Proposals for a near £55m expansion of Inverness Airport as part of a 25 year plan to see a doubling of passenger numbers have been branded ‘reckless’.
The plan – unveiled in the same year COP26 is due to take place in Scotland – estimates that the number of passengers could more than double from the pre-pandemic number of 947,000 to some 2.1 million by 2045.
But the Scottish Greens lead candidate for the Highlands and Islands at the forthcoming Scottish elections Ariane Burgess hit out at the bid, saying the money would be far better spent bringing the rail and bus networks up to scratch instead.
She said: “We have only nine years left before climate science tells us global warming becomes irreversible. To produce a 25-year plan to more than double air travel through Inverness is reckless.
“We are still paying for the current facilities at Inverness airport, a legacy of the Labour and Liberal Democrat’s extortionate PFI project.
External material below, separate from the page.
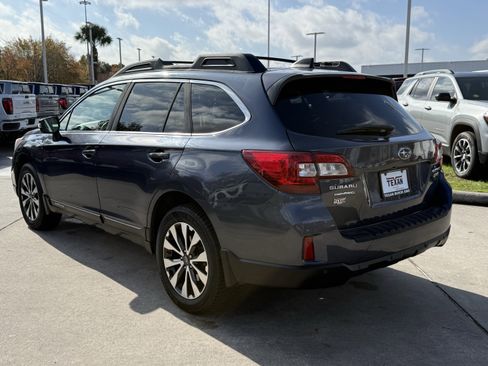 Used 2017 Subaru Outback 2.5i Limited image 7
They are more than adequate for life-line services across the Highlands and Islands.
“As we build a recovery from COVID, instead of driving growth in air traffic it’s vital we prioritise accessible connectivity through improving our bus and train network.
“This plan from a government agency reveals the gap between the climate rhetoric from ministers and action on the ground, while the Conservatives seem willing to ignore the climate crisis altogether.
“Only the Scottish Greens have the urgent solutions, like our proposed £22bn upgrade of Scotland’s railways which would serve our communities and create thousands of jobs.”
She was backed by the current Green MSP for the area, John Finnie, who said: “Ariane Burgess is spot on here.
“HIAL are consistently wrong, from centralising air traffic control jobs to a lack of community consultation, whilst all the other parties pay lip service to the climate emergency they purport to recognise.”
However Inverness Airport general manager, Graeme Bell, insisted there was a demand for an expanded airport for the region.
He told The Herald: “We have conducted a traffic forecast exercise that indicates the airport will continue to thrive post-Covid, predominantly through further expansion of the UK market and a modest growth of international passengers.
“The draft plans show four options of facilitating our anticipated development, made up of three extensions to the existing terminal building and one option for a completely new terminal building constructed on the south side of the airfield.
“The concepts presented within the plan have been designed to provide intuitive passenger flows that will enable fast-track movement of business and frequent travellers, and walk-through retail space to enhance the commercial experience.”
The Press & Journal reported how the plan could see the current terminal moved and replaced to be closer to a rail station being installed on site.